One of the supreme masterpieces of Weimar-era German cinema is set to make its Chicago re-premiere at the University of Chicago’s Film Studies Center on Sunday, October 2. Director E.A. Dupont’s Variete will screen in a new restoration with live accompaniment by the percussion-heavy three-man ensemble known as the Alloy Orchestra. Although I haven’t yet heard this new score, the Hollywood Reporter called it “indispensable,” and said the film is "the vintage restoration sensation of the year.” Considering that Alloy’s score for Dziga Vertov’s Man with a Movie Camera is the greatest I’ve heard for any silent film, this upcoming screening should be considered essential viewing for local cinephiles.
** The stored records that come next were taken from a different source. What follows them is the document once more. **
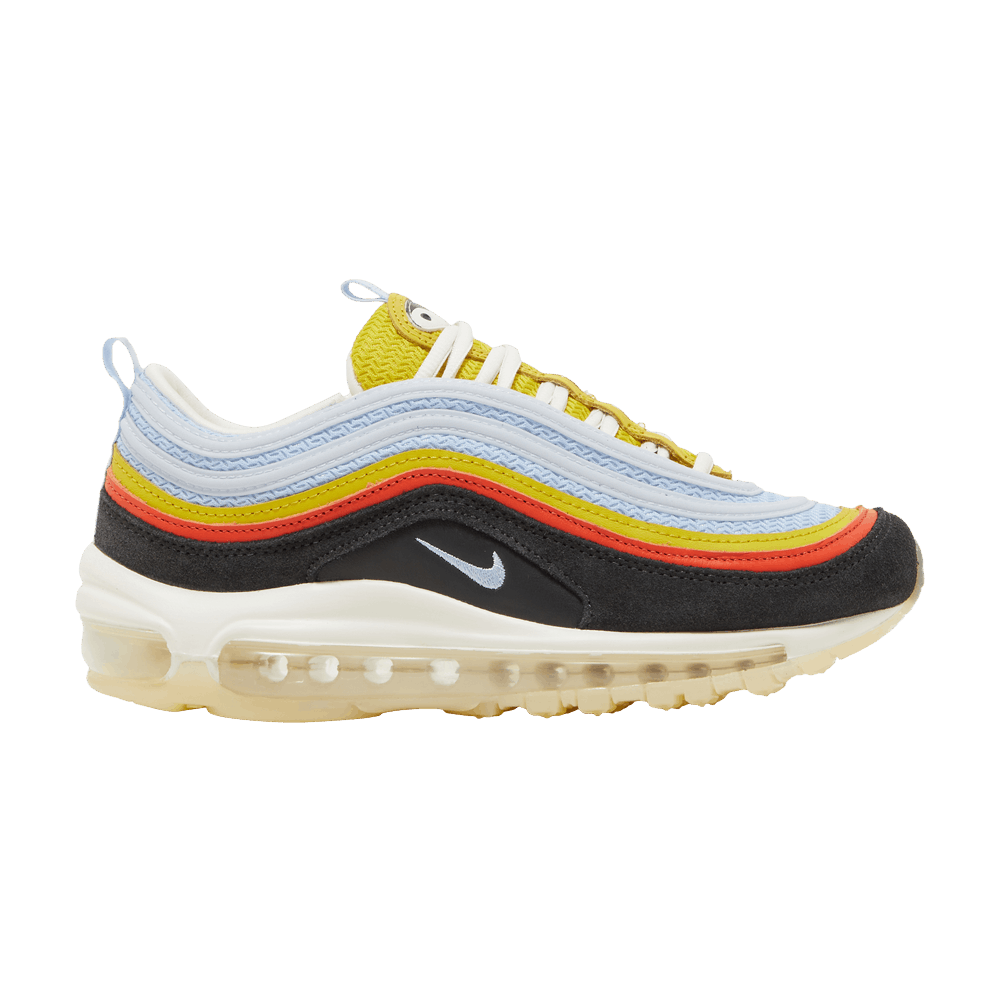 Image of Nike Air Max 97 GS Set To Rise (DV2195-001)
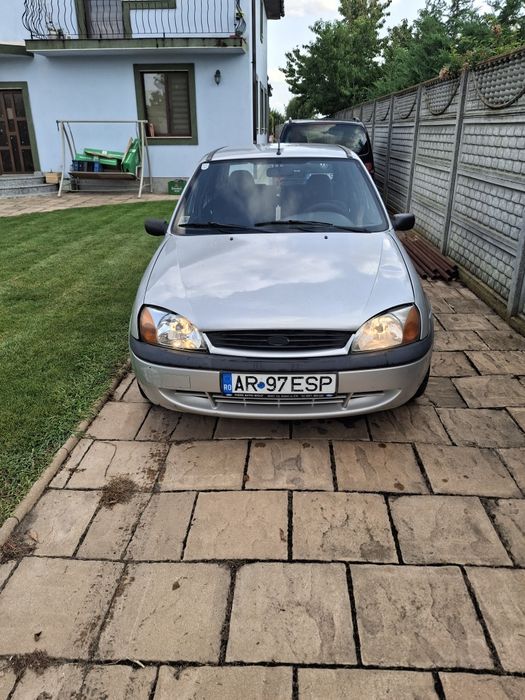 Ford fiesta 2002 inmatriculat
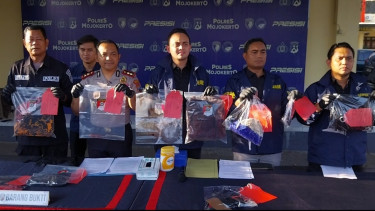 Tabir Motif di Balik Pembunuhan Badut ke Mertua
Variete was Germany’s biggest box office hit of 1925. It came out during the height of the movement known as Expressionism but, in spite of the extraordinarily fluid camerawork of Karl Freund (Metropolis) and a clever plot about the sinister goings-on within a circus, Dupont’s movie actually feels closer to the social realism with which directors like G.W. Pabst (Pandora’s Box) and Josef Von Sternberg (The Blue Angel) would soon make their mark. The film begins with a prisoner, “Boss” Huller (Emil Jannings in an uncharacteristically restrained performance), breaking a 10-year vow of silence and telling a warden the tragic story, seen in flashback, of how he came to murder his unfaithful trapeze-artist wife (Lya de Putti). The whole movie is great but the highlights are the exhilarating trapeze sequences, the deft camerawork of which puts viewers in the middle of the action, creating a thrilling “you are there” effect.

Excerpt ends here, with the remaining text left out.